Exercise materials:
------------------------------------------------
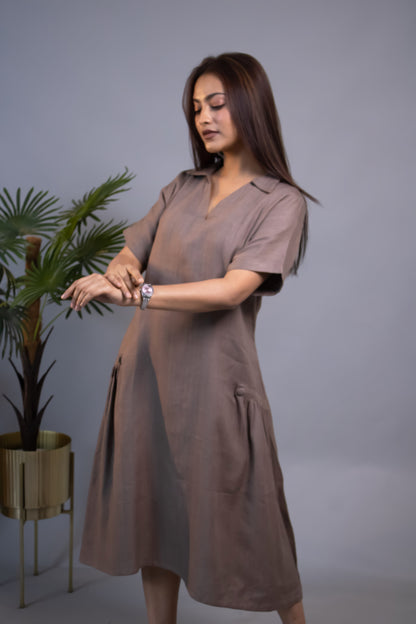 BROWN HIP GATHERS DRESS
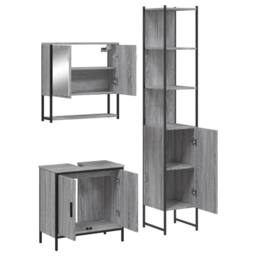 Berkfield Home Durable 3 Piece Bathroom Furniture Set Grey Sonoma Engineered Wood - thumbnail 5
------------------------------------------------
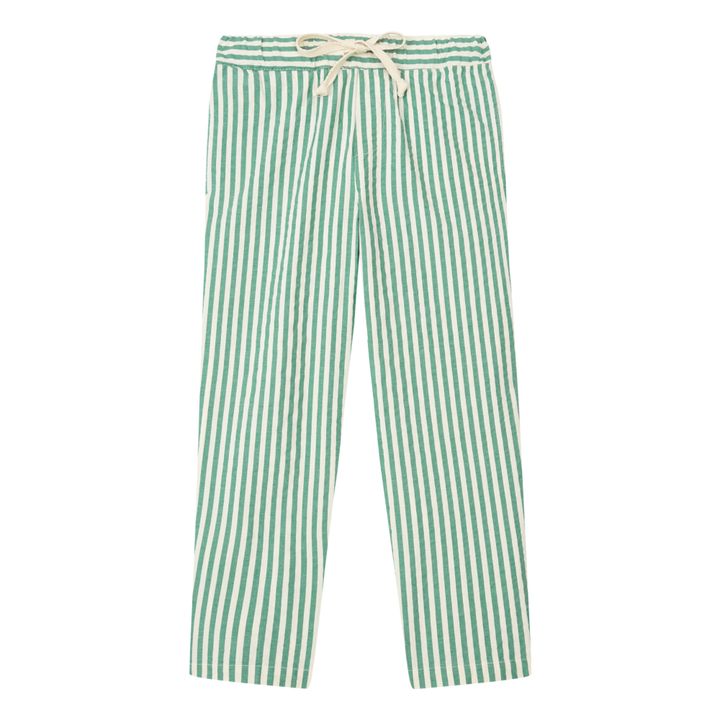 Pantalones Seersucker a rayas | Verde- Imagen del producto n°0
------------------------------------------------
Pictures aside, return exactly the lines from the data above, starting at the line that has "BROWN HIP GATHERS DRESS" and ending at the line that has "Berkfield Home Durable", both included.

Answer to this problem:
 BROWN HIP GATHERS DRESS
 Berkfield Home Durable 3 Piece Bathroom Furniture Set Grey Sonoma Engineered Wood - thumbnail 5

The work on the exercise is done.